Difficile de ne pas être touchée par les histoires qui y sont déballées: «Au début, on ne s'en rend pas vraiment compte, analyse la capitaine de police. On est dedans, on n'y pense pas, et puis, un jour, le corps tire la sonnette d'alarme lui-même.» Pour exorciser ces nouveaux démons, Agnès Naudin se lance dans l'écriture. Elle publiera trois bouquins venus relater cette expérience «riche, mais difficile».
Il n’y a pas de frontières pour les infractions sexuelles: tous les milieux sont touchés.
Aujourd'hui, elle ouvre un nouveau chapitre et dévoile ce drôle de quotidien dans une bande dessinée, «un bel exercice de lâcher-prise, car il faut dire autant de choses en moins de mots, et avec l'appui d'un dessin que je ne maîtrise pas».
On la suit à sa prise de fonction. Puis, comme elle, on entre de plain-pied dans le sordide: ici, une gardienne d’enfants accusée de mauvais traitements, là une fille violée par son père pasteur, là encore une mineure soupçonnée de s’être débarrassée, de façon radicale, de son second enfant. Et, en fil rouge, les manipulations d’un délinquant sexuel en train de tisser sa toile autour de ses futures victimes.
14 fonctionnaires pour toute la France
Ce n’est pas forcément facile à lire, mais raconté avec le détachement de l’officier de police, lequel permet de mettre un peu de distance avec les horreurs dont il est question.

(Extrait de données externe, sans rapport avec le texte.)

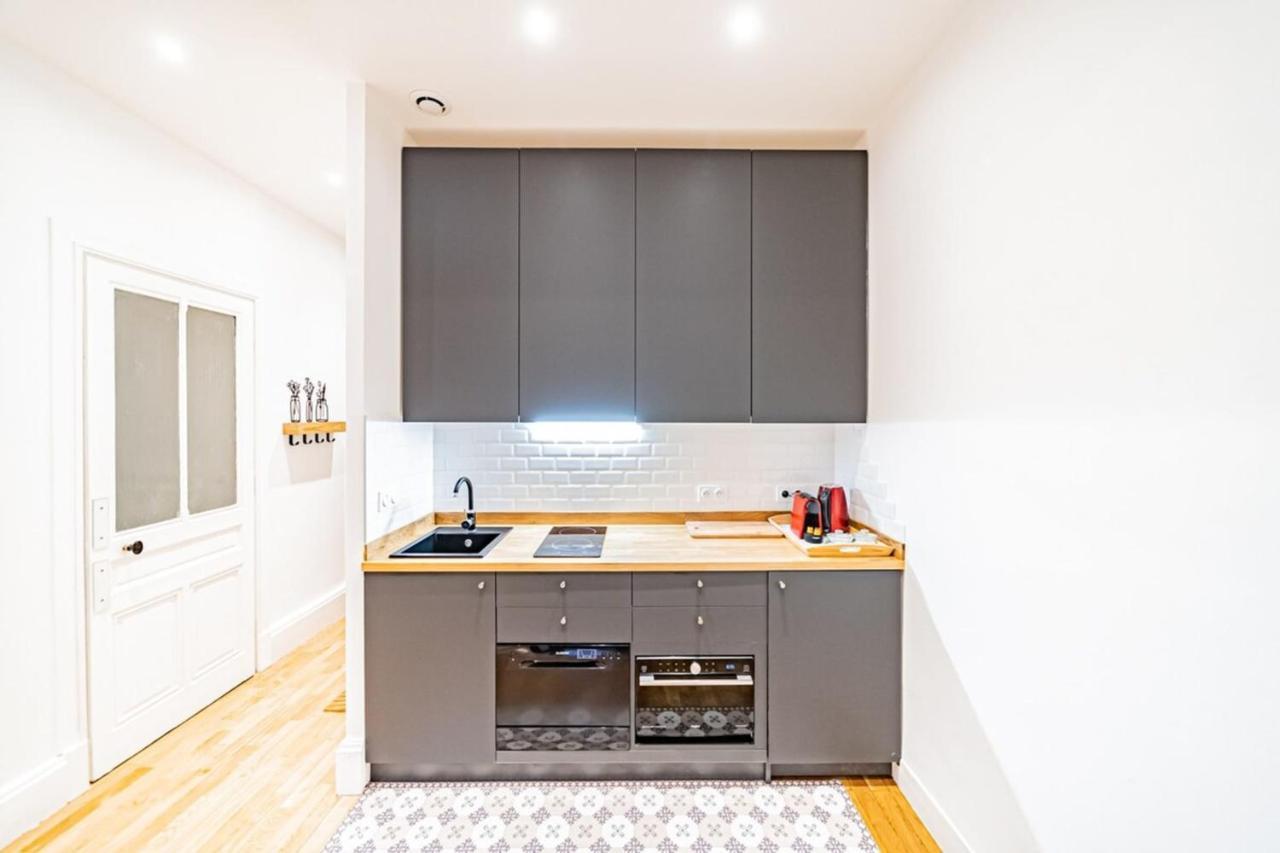 Aapartment With Character Parquet Flooring Fireplace - Charpennes Villeurbanne Buitenkant foto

Rien, d’ailleurs, n’est montré frontalement.
Il est par contre évident que cette brigade manque cruellement de moyens pour traquer ses cibles: «On n'a pas fini d'ouvrir les yeux, annonce Agnès Naudin à ceux qui s'étonnent du contenu de ces enquêtes. En France, pour l'instant, on est occupé avec l'inceste, mais vous verrez que dans les deux ou trois ans sortiront de grosses histoires de pédophilie. Le problème, ce sont les moyens alloués pour combattre ces fléaux: en France, on a en tout et pour tout 14 fonctionnaires spécialisés dans les arrestations des gros pédocriminels. À titre de comparaison, en Allemagne et en Angleterre, ils sont… entre 200 et 300.»
Un travail rendu encore plus difficile par la nature de cette délinquance sexuelle, passée au numérique. Et qui ne se limite pas à un milieu social: «S'il y a bien une chose que j'ai comprise durant ces trois ans, conclut Agnès Naudin, c'est qu'il n'y a pas de frontières pour les infractions sexuelles: tous les milieux sont touchés, des plus riches aux plus défavorisés. »
«Enfances perdues», Naudin/Bartoll/Nosal, Robinson, 80 p., 19.99€.